Metastectomy rarely yields long-term survival, and complete responses to chemotherapy and radiotherapy are rare [2]. There is no standard first-line approach, however, extrapolating from treatment paradigms from seminoma and non-seminoma, bleomycin, etoposide and cisplatin (BEP) represents a commonly used regimen, with variable responses demonstrated [2]. Second-line chemotherapeutic strategies are even less well studied. We describe a case of relapsed, metastatic spermatocytic tumour that had a favourable response to second-line chemotherapy after prior first-line BEP chemotherapy.

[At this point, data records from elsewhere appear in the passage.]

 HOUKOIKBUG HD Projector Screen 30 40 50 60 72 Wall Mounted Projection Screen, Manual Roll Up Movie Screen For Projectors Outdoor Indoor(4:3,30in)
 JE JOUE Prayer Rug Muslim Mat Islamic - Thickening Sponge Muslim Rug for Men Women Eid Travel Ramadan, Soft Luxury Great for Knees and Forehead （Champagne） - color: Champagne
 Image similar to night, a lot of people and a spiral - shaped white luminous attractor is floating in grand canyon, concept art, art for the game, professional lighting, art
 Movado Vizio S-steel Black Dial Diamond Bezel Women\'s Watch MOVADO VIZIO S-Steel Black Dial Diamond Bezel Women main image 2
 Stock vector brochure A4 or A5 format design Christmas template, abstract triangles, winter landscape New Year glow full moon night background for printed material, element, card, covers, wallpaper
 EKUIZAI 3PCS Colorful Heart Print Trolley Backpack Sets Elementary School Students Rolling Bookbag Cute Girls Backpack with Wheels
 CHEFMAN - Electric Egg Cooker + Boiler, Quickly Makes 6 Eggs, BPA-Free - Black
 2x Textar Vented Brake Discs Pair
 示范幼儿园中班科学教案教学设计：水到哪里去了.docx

A 45-year-old presented to an external centre with a large left testicular mass in 2021 and underwent radical left orchidectomy revealing a 1.25-kg, pT2, extensively necrotic, germ cell tumour with associated lymphovascular invasion. Serum tumour biomarkers were normal. Immunohistochemistry showed reactivity of tumour cells for CD117, whilst they were negative for PLAP cytokeratin AE1/AE3, CD30, beta-HCG (bHCG), glypican 3 and alpha fetoprotein (AFP). The tumour was considered a mixed germ cell tumour with probable seminoma and embryonal carcinoma elements, acknowledging that only 2% viable tumour was identified in the large mass, making a definitive diagnosis challenging. Systemic staging was clear and the patient entered active surveillance.
Four months later, the patient developed metastasis to the ipsilateral para-aortic lymph nodes (largest 23 × 30 × 31 mm) but elected not to undergo chemotherapy. Surveillance imaging after 3 months confirmed progression of the ipsilateral para-aortic lymph nodes (increased to 59 × 59 × 57 mm) but no new sites of disease, and he went on to receive three cycles of BEP chemotherapy for International Germ Cell Cancer Collaborative Group good-risk recurrent germ cell tumour. CT after chemotherapy demonstrated a good partial response (mass now 18 × 34 × 39 mm), and no apparent [18F]fluorodeoxyglucose (FDG) activity was seen on positron emission tomography (PET)/CT imaging. Unfortunately, the patient was lost to follow-up shortly thereafter. He subsequently developed symptomatic disease progression 18 months later and was referred to our service for management.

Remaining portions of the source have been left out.